All this was enough for Jordan teammate and guy-who-should-know Scottie Pippen to toss this out, while appearing on ESPN Radio Friday morning:
"Michael Jordan is probably the greatest scorer to ever play the game. I may go so far as saying LeBron James may be the greatest player to ever play the game."
Whoa, guy. Seriously?
(And is he actually wrong?)
No, James hasn't surpassed Jordan in any meaningful way yet. He hasn't won jack, in comparison to MJ's six titles. He hasn't simultaneously won a Defensive Player of the Year in the same season he led the NBA in scoring, though that might be Dwight Howard's fault more than anything else. And because James joined the Miami Heat midway through his career, he'll never be looked at as the singular drive behind any championships he earns. After all, when Jordan won his first ring in 1991, Pippen hadn't even made an All-Star team by then.

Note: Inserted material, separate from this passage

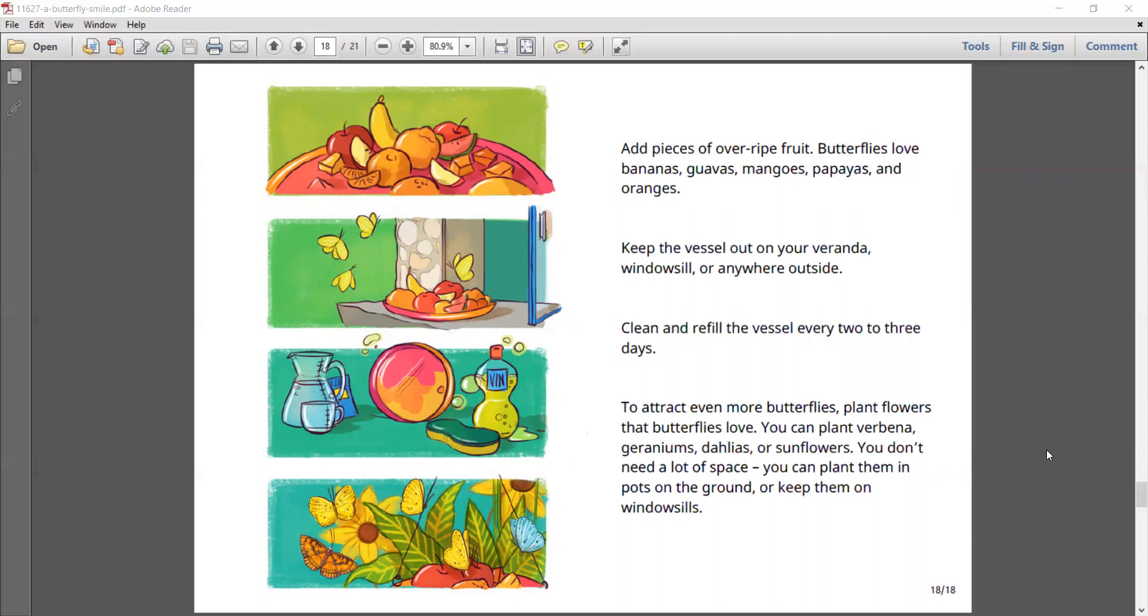Keep the vessel out on your veranda, windowsill or anywhere outside. Clean and refill the vessel every 2 or 3 days. To attract more butterflies, plant flowers that butterflies love. You can plant verbena, geraniums, dahlias or sunflowers. You don't need a lot of space. You can plant them in pots on the ground or keep them on windowsill.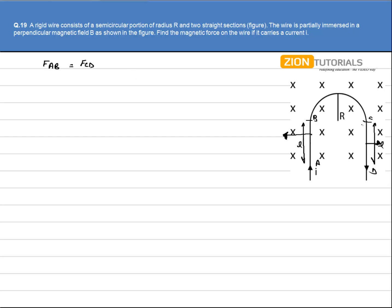The net force that will act on the complete wire will be only due to the wire BC, because the force that is acting on the semicircular wire BC will be equal to the force that is acting on a straight wire connecting BC, as I have explained in the previous question.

But parsed correctly, tossing in a "might be" before "the greatest player to ever play the game," and following that with a "when all is said and done," Pip has to be taken seriously, here. James is 26, and he might be the greatest player to ever play the game when all is said and done. A lot of us have felt that for years.
Pippen, as you'd guess, has been put on the defensive. Fans are getting after him on his Twitter account, and earlier on Friday he posted this:
Ah, Scottie, you don't need to be that defensive. You may be the most versatile defender in NBA history, but you don't need to darken the mood, here. You just need to brighten, and clarify. By any reasonable standard, be they rings or Player Efficiency Ratings or "I seen 'em"-recollections, Jordan is the best ever.
But LeBron James? He has the talent and the time to surpass him. And for those of us, "watching and cheering," that obsessed over every one of Jordan's minutes in his prime? We can understand that.
It's on you now, LeBron. It's not on Scottie. Because he could be right.